He attributed continued investor confidence to government policies and incentives designed to attract investments into the country.

“And perhaps this is because of the policies that we adopted, the incentives that we have put out for investors. So slowly, we can see the way through this, where we will recover through this,” the President said..

He also said the government remains focused on preventing stagflation, a condition marked by stagnant economic growth coupled with persistently high inflation.

“The concern was about stagflation, in which the gross domestic product growth becomes stagnant, while inflation continues to increase,” he said.

According to the Chief Executive, his administration has implemented measures to contain inflation while sustaining economic activity through increased public expenditures.

“And so that is very important because we want to keep the system, the economic system, continuing to function. We have done all these measures to keep inflation down,” Mr. Marcos said.

The President acknowledged delays in government spending during the first quarter of the year but said public spending has since been accelerated to help support gross domestic product growth.

He said the administration has shifted spending toward programs that provide immediate relief to ordinary Filipinos, including subsidies and fuel discounts for the transport sector.

“To boost growth, government spending has been directed more towards direct spending so that ordinary people can immediately feel the government’s assistance,” President Marcos said.

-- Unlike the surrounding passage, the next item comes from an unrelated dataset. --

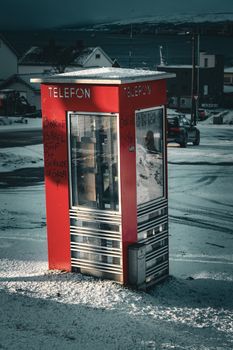 A classic red telephone booth covered in snow on a winter day in Tromsø, Norway.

Mr. Marcos also underscored the importance of supporting micro, small, and medium enterprises, or MSMEs, which he said account for 95% of businesses in the country and employ about 63% of the workforce.

“We have to find new ways of encouraging investment. We have to find new ways of supporting MSMEs,” he said.

“If we keep those sectors strong, I’m confident that although we will feel the effects of the oil crisis, I think that we will be able to mitigate many of the effects,” the President added.